Sometimes the threats are sexual, sometimes just violent. I don’t know about all of them. I know Ryan Singel, my editor at Wired, often deleted them, along with comments about my looks, off the bottom of my articles before I could see them. I have a hard time remembering specific threats, because I have to block them out to function. Once, a man in Britain said he would send me a specific poisonous spider that would jump out of the box and kill me — points for creativity. A man in Australia told me that he fantasized about raping me then beating me to death. That stuck for the sheer vividness. Though when I think about his fantasy, it’s not really me he’s doing it to. It’s some kind of inanimate blow up doll of me.
I would fight, I think. I have a history of fighting back in real life. Sometimes it has worked, and sometimes it hasn’t.
For all the theories and fantasies about how we’d take down our attackers, it’s not so simple to decide if you should fight back. Some say you shouldn’t, because that’s how women get beaten badly or killed, and raped is better than dead, or eating through a tube for life.
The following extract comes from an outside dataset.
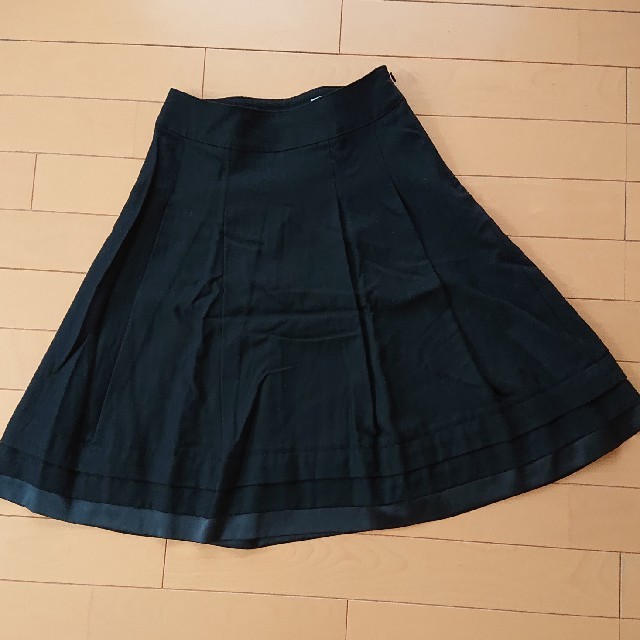 VIAGGIO BLU(ビアッジョブルー)の値下げ！美品★ｳﾞｨｱｯｼﾞｮ ﾌﾞﾙー★  size 0 レディースのスカート(ひざ丈スカート)の商品写真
Or, if you win, you might go to jail for years. Raped is definitely better than going to jail for years, especially given the prevalence of rape in prison. There’s another benefit to not fighting back, which is this: if you know you can’t win, either because of physical or situational coercion, you can just leave your body. You just let it happen to the meat and send your mind somewhere a thousand miles away, where none of this is real. It works for rape, it works for beatings, it works whenever you are in terrible pain and no one is there to care for you. You make your body a stranger, you stop caring about it, sometimes you even hate it, and then it all happens to the stranger you care nothing for.
The problem is it can take years to come back to your body. It can be the hardest trip you will ever make. The stranger meat you’ve learned to hate takes all the abuse, and becoming one person again can be the task of a lifetime. Reuniting your mind and body is like trying to find your way in the dark, and every time someone says “Bitch you’d look better with my cock in your mouth,” you risk getting lost again.
Sometimes these days it just bounces off me, which reminds me that I’m made of walls.
The majority of online misogynists are all talk — they are looking to upset women, and through the force of their numbers and vitriol, crush women into silence. “It’s just talk,” I am told, “You need a a thick skin.” Inevitably this is said by people who clearly would not last a week in my threat-riddled public life. But not all of these men will settle for silencing women.
I have worried about some of my more persistent stalkers “going hot,” and I still do. I think all the talk ups the chance that someday one will take a shot at me, or finally try to do that thing they talk about with a crowbar.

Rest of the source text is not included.